Newsprint expense is favorable year-over-year as a result of lower circulation and discontinuing print-only editions of Al Dia and Briefing. The newsprint purchase price has continued to trend favorably. As of the end of the year, average newsprint inventory cost per metric ton was $687, and this compares to $829 per metric ton in 2022, a decrease of $142 or 17.1%. And I'm pleased to say we are continuing to see favorable pricing so far in 2024.

As of December 31, head count was 601, down 62 compared to last year. As of the end of February, we had 546 employees, which reflects the departure of most of the 58 employees who elected to participate in the Voluntary Severance Program offered last fall and left the company on January 1.

Cash along with short-term investments was $22.5 million as of December 31. And as of March 1, cash was $19 million. For the year, the company recorded $464,000 of tax expense. We expect cash taxes to be approximately $580,000 in 2024 primarily related to the Texas franchise tax.

As of December 31, 2023, the company had $54.2 million in federal net operating loss carryforwards. $17.5 million expires in 2037, and $36.7 million does not have any expiration.

In regards to our pension plan, we do not expect to have any mandatory contributions in 2024 or in 2025. We are pleased with the progress the company made this year toward our long-term strategy, and we were right in line with how we expected to end the year. We remain in a good position on our balance sheet and are encouraged by what we are seeing so far in 2024.

I will now turn the call over to Grant.

G
Grant Moise
executive

Thank you, Katy. Reflecting on 2023, I was pleased with our progress in improving our adjusted operating income. The year was highlighted by exceptional journalism, a strong year of digital subscription revenue growth and a disciplined approach to managing the decline of the print business.

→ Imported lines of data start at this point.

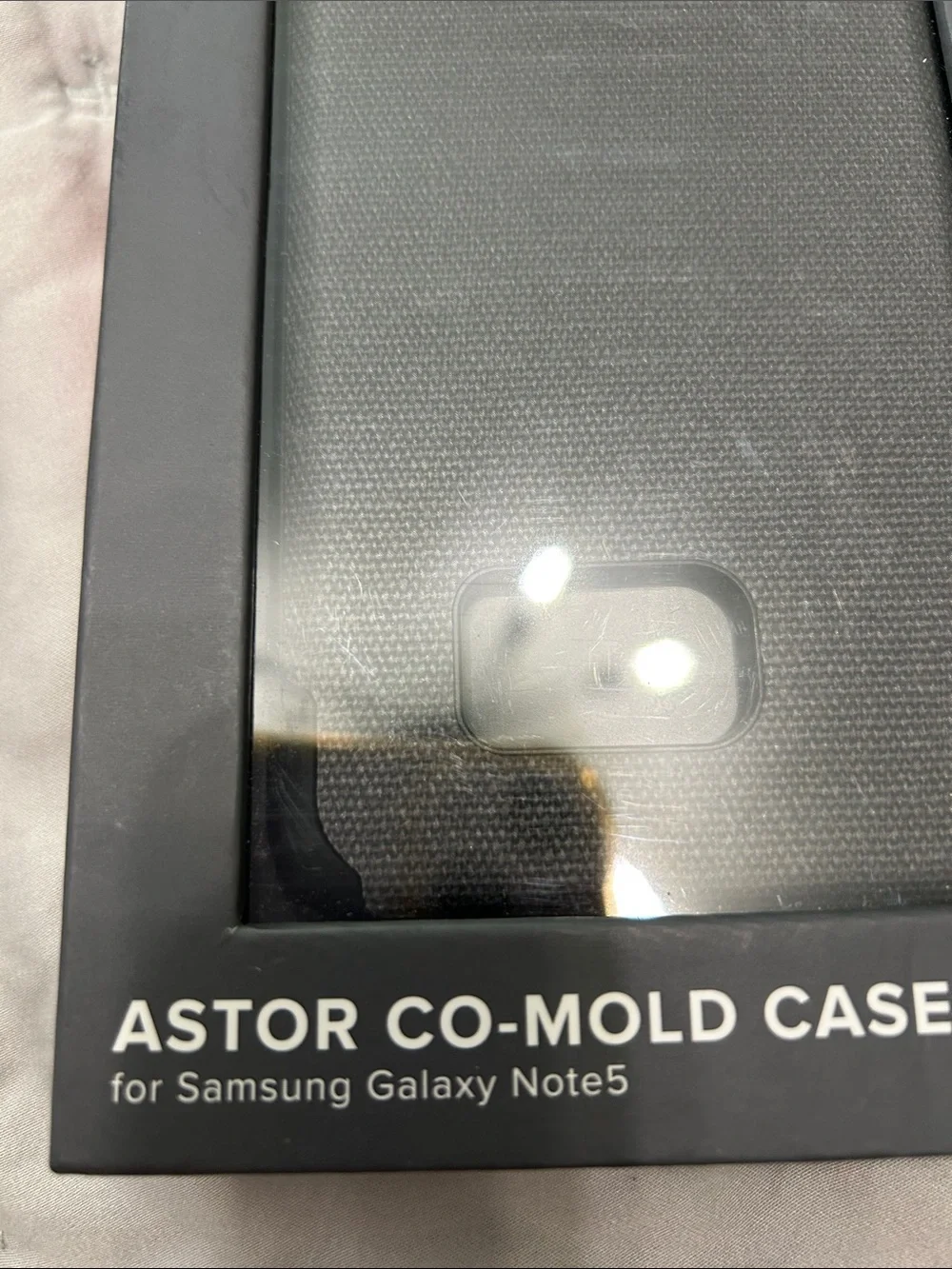 Tumi branded astor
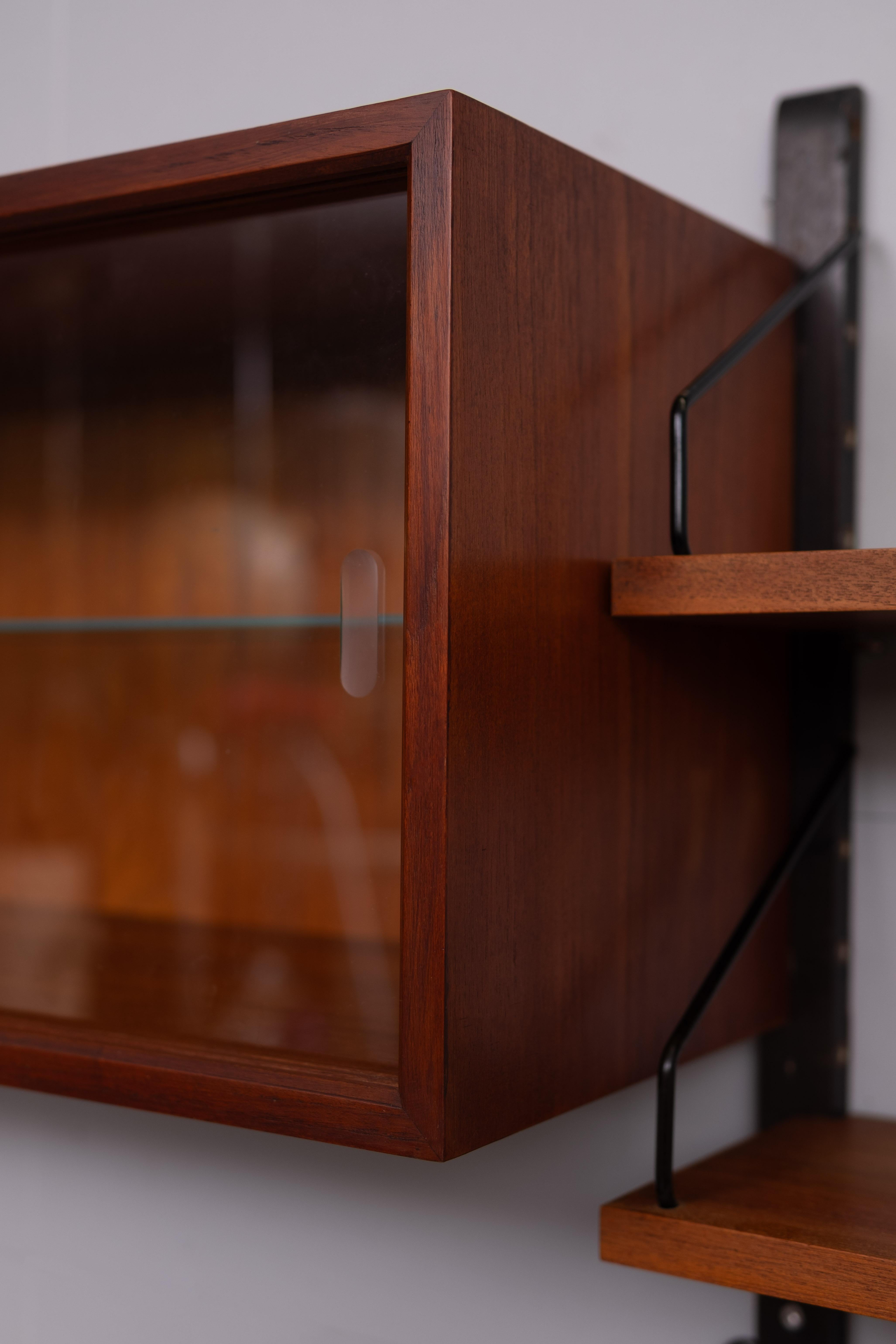 Grande Poul  Cadovius  Sistema di pareti in teak per Royal System  Danimarca In condizioni buone in vendita a Den Haag, NL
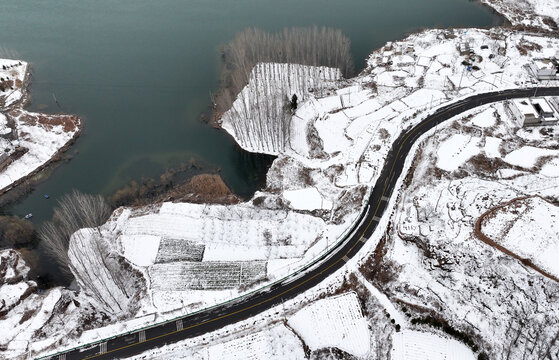 山东枣庄山亭区翼云湖雪景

Starting with our journalism, our year was highlighted by 2 strong series that framed important issues facing North Texans. First, our newsroom created a 30-day series in September entitled Deadly Fake, which highlighted the threat of fentanyl in our community and helped inform North Texans about the threat of this deadly drug.

Second, our editorial board focused on a 6-part series throughout the year that was called The Unraveling of Latin America, where we helped North Texans understand the root causes of the immigration problems on our southern border. This outstanding journalism largely contributed to what Katy referred to as our third consecutive year of membership revenue growth because we remain committed to pricing our digital membership at a premium rate.

Last, I'm proud of our Medium Giant team's discipline when we chose to exit the shared mail business in August of last year. Medium Giant continues to offer advertisers the products and services they value most, and it was clear from the rapid decline in our shared mail revenue that advertisers no longer saw value in this product offering.

Looking ahead to 2024, we've recently added Chris Patheiger to our team as the company's Chief Product and Innovation Officer. We brought Chris on board to enhance our digital product offering and build new digital products to reach new audiences. We are in the early stages of Chris' work, but our goal is to expand our product portfolio to reach new audiences and provide new sources of revenue growth for the company.

John, we will now open it up to questions.

Operator

[Operator Instructions] And we have no callers queuing up with questions.

M
Mary Murray
executive

All right. Well, John, well, thank you very much for your assistance this morning. And everyone who has joined, thank you again for listening to our fourth quarter and full year 2023 results. And we look forward to updating everyone with our progress on our first quarter of 2024 earnings call, which will be handled sometime in the second quarter. Thank you.

Operator

And ladies and gentlemen, that does conclude your conference call for today. We do thank you for your participation and for using AT&T Event Conferencing. You may now disconnect.